PwC research: A third of West Midlands patients are willing to have major invasive surgery performed by AI

Ali Breadon

New research by YouGov for PwC has found that almost a third (28%) of patients in the West Midlands would be willing to have major invasive surgery performed by AI.

Across the UK, men are significantly more willing than women – 39% compared to 22%. However, older people , the over 55s, are much more sceptical at just 24%.

But despite the AI hype, there’s still work to be done in healthcare to build trust among West Midlands  patients in this type of technology – 1 in 4 people can’t see the benefits of using AI in healthcare at all.

The main concerns expressed by patients in the region were that AI lacks the ‘human touch’, and the human ability to look beyond data, and include context when making treatment choices – this demonstrates the importance UK patients place upon their relationship with medical professionals.

However patients noted that the top three advantages of using AI in health would be:

  • Healthcare would be quicker and easier to access.
  • AI would be able to access and analyse more information than a human and therefore diagnosis would be much faster and accurate.
  • And with the above in mind, that better treatment recommendations would be made.

Whilst the results show AI has a part to play in monitoring heartbeat rhythms and heart conditions, with the majority of people in the West Midlands being willing to receive these treatments from an advanced computer, people are least willing to consider technology being used to set broken bones, monitor and advise during pregnancy and stitch and bandage wounds.  

Ali Breadon, government and health industries leader for PwC in the Midlands, said:

“If only a proportion of the UK population start to use more services delivered through technology, that could begin to make big savings. This could, in turn, make a serious contribution to addressing the huge financial challenges facing the health system in the UK.”

Even though many patients are sceptical, the fact that nearly four in 10 would be willing to engage with technology in their healthcare experience signals a huge opportunity to transform healthcare delivery for the benefit of patients in the UK. Closer examination reveals significant potential in the UK market:

  • The younger the demographic group, the more likely they are to see new health technologies in a positive light.
  • Well over half of 18 to 24 year olds would be willing to engage with AI and robotics to take care of some of their health needs.

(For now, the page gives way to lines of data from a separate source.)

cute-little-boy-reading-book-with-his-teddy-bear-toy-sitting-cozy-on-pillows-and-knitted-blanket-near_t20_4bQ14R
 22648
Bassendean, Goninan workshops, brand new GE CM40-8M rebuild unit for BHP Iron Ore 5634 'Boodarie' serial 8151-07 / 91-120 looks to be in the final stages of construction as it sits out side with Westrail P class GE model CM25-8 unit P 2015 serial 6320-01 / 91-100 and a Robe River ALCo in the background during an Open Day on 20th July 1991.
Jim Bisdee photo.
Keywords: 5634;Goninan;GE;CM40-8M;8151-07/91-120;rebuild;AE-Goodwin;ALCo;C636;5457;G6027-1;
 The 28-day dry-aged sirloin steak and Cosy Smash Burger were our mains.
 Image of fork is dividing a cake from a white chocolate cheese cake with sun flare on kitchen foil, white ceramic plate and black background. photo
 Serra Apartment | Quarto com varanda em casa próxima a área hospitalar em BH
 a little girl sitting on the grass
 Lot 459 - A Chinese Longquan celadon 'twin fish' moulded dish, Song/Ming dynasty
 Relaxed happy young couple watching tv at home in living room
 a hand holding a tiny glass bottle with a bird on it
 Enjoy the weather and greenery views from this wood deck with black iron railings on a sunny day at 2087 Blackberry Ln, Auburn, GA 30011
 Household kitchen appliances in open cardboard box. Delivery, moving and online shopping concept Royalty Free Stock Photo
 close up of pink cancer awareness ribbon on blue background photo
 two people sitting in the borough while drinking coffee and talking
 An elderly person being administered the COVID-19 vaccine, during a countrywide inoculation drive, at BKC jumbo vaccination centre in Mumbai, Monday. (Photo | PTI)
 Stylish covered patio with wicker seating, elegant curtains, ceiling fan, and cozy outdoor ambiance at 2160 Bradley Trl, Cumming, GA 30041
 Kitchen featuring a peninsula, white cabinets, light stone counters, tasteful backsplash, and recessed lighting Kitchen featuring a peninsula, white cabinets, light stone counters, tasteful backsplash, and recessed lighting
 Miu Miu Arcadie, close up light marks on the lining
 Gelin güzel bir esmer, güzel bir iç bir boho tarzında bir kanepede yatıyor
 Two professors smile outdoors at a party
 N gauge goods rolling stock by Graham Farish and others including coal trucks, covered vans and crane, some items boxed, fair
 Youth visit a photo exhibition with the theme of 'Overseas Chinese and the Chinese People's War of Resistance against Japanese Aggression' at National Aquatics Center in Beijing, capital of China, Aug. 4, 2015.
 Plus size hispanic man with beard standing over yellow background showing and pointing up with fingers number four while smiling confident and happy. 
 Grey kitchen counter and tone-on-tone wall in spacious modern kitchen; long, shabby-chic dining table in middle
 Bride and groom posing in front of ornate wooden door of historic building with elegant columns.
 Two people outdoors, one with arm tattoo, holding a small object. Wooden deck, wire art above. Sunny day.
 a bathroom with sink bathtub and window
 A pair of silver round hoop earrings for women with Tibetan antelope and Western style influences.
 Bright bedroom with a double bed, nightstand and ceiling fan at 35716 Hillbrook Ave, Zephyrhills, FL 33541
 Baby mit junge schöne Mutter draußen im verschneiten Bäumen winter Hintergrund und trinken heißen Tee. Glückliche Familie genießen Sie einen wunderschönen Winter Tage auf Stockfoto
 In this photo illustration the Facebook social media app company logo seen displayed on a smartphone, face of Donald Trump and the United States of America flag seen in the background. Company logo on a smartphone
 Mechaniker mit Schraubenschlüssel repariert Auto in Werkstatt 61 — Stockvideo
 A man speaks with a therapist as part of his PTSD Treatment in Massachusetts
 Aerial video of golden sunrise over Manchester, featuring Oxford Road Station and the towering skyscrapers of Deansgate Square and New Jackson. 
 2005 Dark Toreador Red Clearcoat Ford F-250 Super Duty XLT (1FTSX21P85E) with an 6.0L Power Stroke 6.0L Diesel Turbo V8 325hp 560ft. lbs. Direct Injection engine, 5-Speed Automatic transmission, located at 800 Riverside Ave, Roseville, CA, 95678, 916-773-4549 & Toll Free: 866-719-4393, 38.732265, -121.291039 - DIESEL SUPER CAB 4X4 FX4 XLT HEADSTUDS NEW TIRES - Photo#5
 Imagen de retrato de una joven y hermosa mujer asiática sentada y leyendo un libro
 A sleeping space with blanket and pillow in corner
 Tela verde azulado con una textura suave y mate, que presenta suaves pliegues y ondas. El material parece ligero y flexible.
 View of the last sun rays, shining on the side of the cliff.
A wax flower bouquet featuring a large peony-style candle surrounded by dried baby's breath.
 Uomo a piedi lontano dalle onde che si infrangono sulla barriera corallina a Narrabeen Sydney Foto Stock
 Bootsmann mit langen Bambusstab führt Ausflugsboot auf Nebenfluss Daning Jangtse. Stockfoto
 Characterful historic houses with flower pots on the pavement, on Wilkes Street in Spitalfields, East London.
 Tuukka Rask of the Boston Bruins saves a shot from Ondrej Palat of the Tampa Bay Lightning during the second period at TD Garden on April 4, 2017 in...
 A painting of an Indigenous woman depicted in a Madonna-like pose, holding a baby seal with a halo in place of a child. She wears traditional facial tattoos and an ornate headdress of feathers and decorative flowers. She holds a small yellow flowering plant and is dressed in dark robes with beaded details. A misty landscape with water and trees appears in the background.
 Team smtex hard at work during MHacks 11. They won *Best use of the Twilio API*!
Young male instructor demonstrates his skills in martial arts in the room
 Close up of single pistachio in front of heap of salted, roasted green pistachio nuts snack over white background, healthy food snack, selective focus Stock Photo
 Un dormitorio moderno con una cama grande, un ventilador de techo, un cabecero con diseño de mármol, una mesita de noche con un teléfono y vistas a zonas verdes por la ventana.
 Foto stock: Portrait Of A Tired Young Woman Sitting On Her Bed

Sudheer Parwana, technology leader for PwC in the Midlands, added:

“With the younger demographic more open to using new technologies in their healthcare we need to seize the opportunity to prepare for a generation that will be more willing to engage with AI.  Although this shift may come in time we are starting to see a steady increase in the number of people willing to engage with AI and robotics to take care of some of their health.”